On a cold windy day, 16 members and guests met at Exbury Gardens for a tour of the Gardens led by Head Gardener Tom Clarke. We were accompanied by Tom’s nephew who was on work experience and a Gardener from Bodnant Gardens in Wales.

Tom started the tour with a brief history of the Gardens saying it was bought in 1919 from the Mitford Family by Lionel de Rothschild to pursue his love of Gardening. At its peak it had 150 Gardeners compared to today’s figure of 9 Gardeners, 1 Apprentice and approximately 20 Volunteers. It was not until the 1960’s that it opened to the public.

The next stop was the bridge over Gilbury Lane along the Main Drive which Tom explained was only built by Lionel because when he drove his Armstrong Sidley around the grounds, he did not like keep opening the gates that were either side of Gilbury Lane.

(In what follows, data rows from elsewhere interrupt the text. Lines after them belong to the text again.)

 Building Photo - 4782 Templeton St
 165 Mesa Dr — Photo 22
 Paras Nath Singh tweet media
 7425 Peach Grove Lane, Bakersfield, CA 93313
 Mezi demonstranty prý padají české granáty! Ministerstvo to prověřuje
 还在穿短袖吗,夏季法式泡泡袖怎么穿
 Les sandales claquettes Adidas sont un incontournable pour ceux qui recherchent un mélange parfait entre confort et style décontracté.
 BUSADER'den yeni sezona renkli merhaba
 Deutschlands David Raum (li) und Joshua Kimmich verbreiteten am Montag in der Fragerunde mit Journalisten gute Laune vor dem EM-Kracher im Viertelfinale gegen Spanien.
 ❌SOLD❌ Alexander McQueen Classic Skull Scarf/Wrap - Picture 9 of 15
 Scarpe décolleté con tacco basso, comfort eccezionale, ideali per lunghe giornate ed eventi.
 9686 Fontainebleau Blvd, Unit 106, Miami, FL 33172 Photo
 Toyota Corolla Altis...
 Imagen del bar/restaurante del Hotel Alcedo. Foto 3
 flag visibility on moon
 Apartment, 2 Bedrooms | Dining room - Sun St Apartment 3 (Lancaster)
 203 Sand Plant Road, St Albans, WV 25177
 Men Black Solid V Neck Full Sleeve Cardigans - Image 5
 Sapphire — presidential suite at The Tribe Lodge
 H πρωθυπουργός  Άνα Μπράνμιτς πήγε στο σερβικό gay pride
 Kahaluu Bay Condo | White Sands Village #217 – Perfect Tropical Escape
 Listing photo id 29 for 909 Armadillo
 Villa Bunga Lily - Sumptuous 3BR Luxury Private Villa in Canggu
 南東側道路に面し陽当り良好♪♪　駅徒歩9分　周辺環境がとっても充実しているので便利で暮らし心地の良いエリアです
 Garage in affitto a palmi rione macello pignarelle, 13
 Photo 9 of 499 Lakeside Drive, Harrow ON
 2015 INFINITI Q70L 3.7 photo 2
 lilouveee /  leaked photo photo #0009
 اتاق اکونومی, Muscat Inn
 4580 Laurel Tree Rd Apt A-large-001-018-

Tom then described the hybridisation process of a Rhododendron saying it can take up to 15 years once a seed has been planted to when it flowers. He then showed us the newly restored heather bed stating that heathers are becoming more popular and alongside this how a man and machine from Holland planted 100,000 daffodil bulbs in 2 hours to form the Golden Wave.    

We proceeded to the Main House where we were given a short history of the house and nearby was a large Oak tree on which hangs a large bell which children love to ring. Unfortunately, the many feet that pass over this area has damaged the roots of the tree. We were able to see the Gardeners solve this problem by placing a special membrane around the tree which spreads the impact of many people treading on the same area and burying it in wood chippings.

The tour continued through Home Wood where we saw some spectacular Rhododendrons in flower, unfortunately the Spring Colour is late this year and will probably be Mid-May when it is at its best. We arrived at the Top Pond which been relined this winter because it was leaking so much water and seems to have solved the problem.

On the way back to the main entrance Tom explained the close association Exbury has with Royalty. Tom’s predecessor John Anderson is now at Windsor looking after Windsor Great Park, Savill Gardens and Frogmore House. Exbury have recently donated Rhododendrons to Highgrove and Sandringham and Tom recalled how he was summoned to Highgrove to advise on the Rhododendrons by the then Prince Charles and how the two of them walked the grounds of Highgrove. Prince Charles also came to Exbury in 2019 to open the Centenary Garden marking the 100 years of the Rothschilds at Exbury.  

Thanks are due to David Sayers for organising the event.

Spring Luncheon at  MJ's Restaurant

On 19th May, some 40 club members and guests gathered at MJ's Restaurant to enjoy our Spring Luncheon, one of the highlights in the Club's social events calendar.

MJ's is the on-campus fine-dining restaurant at Brockenhurst College, where students learn to cook and serve outstanding dishes, under the supervision of catering and hospitality professionals.

A delicious meal was enjoyed by all, with friendly impeccable service and high-quality cooking. The restaurant is licensed and trainee sommeliers assisted with choosing wines, which greatly enhanced the meal.

At the end of the luncheon, Chairman Peter Meville gave a word of thanks to the MJ’s team. He also applauded the students involved and wished them continuing success in their careers in catering and hospitality. Events on the day were overseen by Cathy MacArthur, who also managed our booking arrangements. 

College chef lecturers involved were John MacArthur (in the main kitchen) and Sarah Smith (in the pastry kitchen).

The club made a donation towards the MJ's Fund enabling students to visit other fine-dining establishments.

Thanks are due to Bill Basham for organising the whole event. 

And finally, some good news: the Club has secured a tentative booking at MJ’s for next year’s Spring Luncheon.